Thursday, June 7, 2012


date: Fri, 20 Jun 2008 00:42:58 -0400 (EDT)
subject: JOC-08-0160 - Invitation to Review


Dear Prof. Jones

Manuscript # JOC-08-0160 entitled "Spurious correlations between recent warming and indices of local economic activity" has been submitted to the International Journal of Climatology. The abstract and author details are to be found at the foot of this email.

As you are an acknowledged expert in this area, I am writing to see if you could find time to review this manuscript. Ideally I would like the review back to me within 6 weeks if possible. Please let me know within 7 days if you will be able to review this paper. If you are unable to review would you take a moment to please recommend one or two other possible referees with expertise in this area.

You can respond to this invitation by either emailing me directly, or if you are willing to review the paper you may use the shortcut of clicking on the "Agree" link below. This will initiate another email that grants you access to the manuscript.
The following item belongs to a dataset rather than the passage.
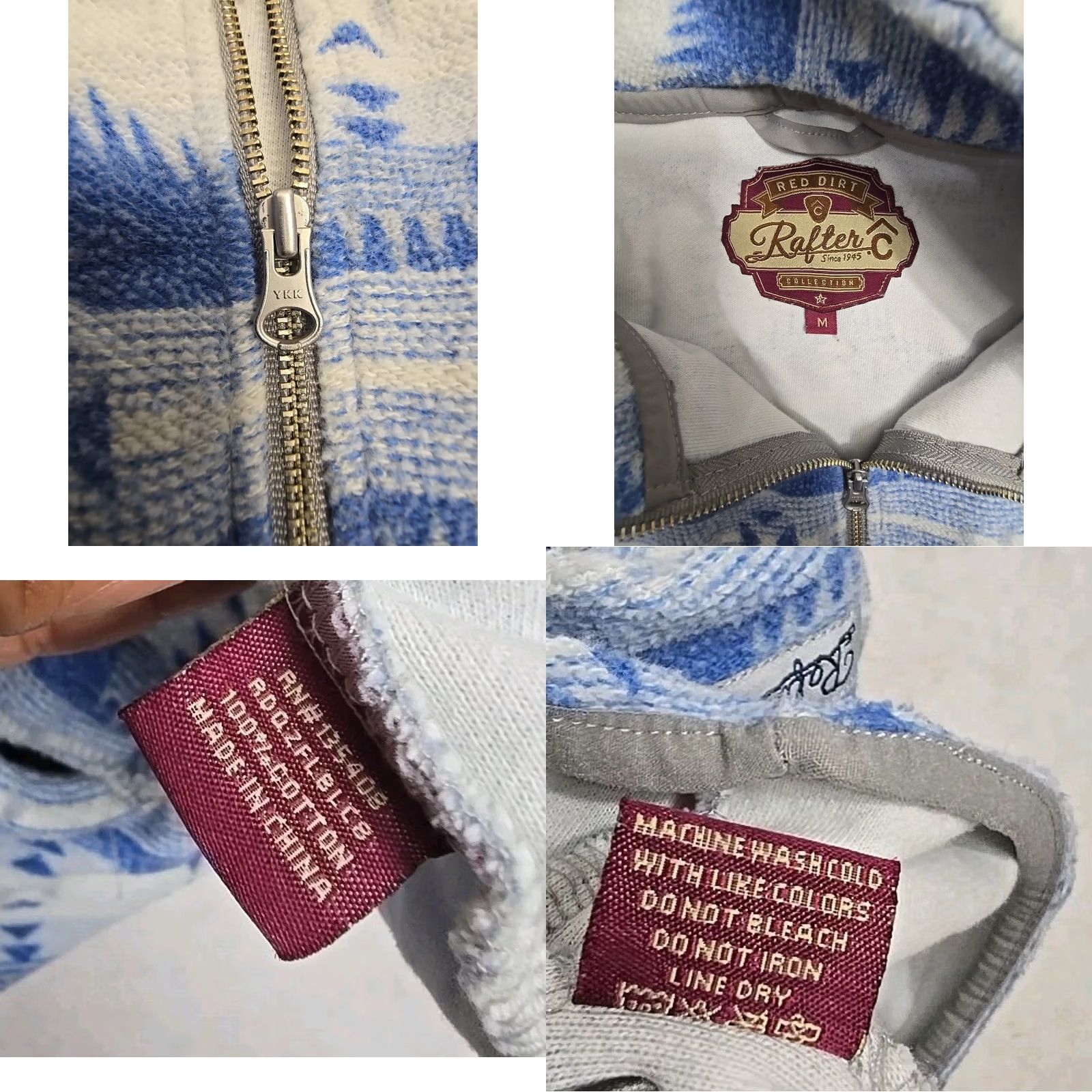 Vintage VINTAGE Rafter C Aztec Sweatshirt Mens Medium Blue Dirt Pullover 1/4 Zip Western Fleece Size US M / EU 48-50 / 2 - 8 Thumbnail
To respond automatically, click below:


You will then have access to the manuscript and reviewer instructions in your Referee Centre.

Thank you for taking the time to consider this request.


Prof. Glenn McGregor
International Journal of Climatology


Spurious correlations between recent warming and indices of local economic activity

Schmidt, Gavin

I analyse a series of climate model simulations of the 20th Century to investigate a number of published correlations between indices of local economic activity and recent global warming. These correlations have been used to support a hypothesis that the observed surface warming record has been contaminated in some way and thus overestimates true global warming. However, the basis of the results are correlations over a very restricted set of locations (predominantly western Europe, Japan and the US) which project strongly onto naturally occurring patterns of climate variability. Across model simulations the correlations vary widely due to the chaotic weather component in any short term record. I find that the reported correlations do not significantly fall outside the simulated distribution and that the correlations are probably spurious (i.e. are likely to have arisen from chance alone). Thus, though this study can not prove that the global temperature record is unbiased, I conclude there is no strong evidence from these correlations of any large scale contamination.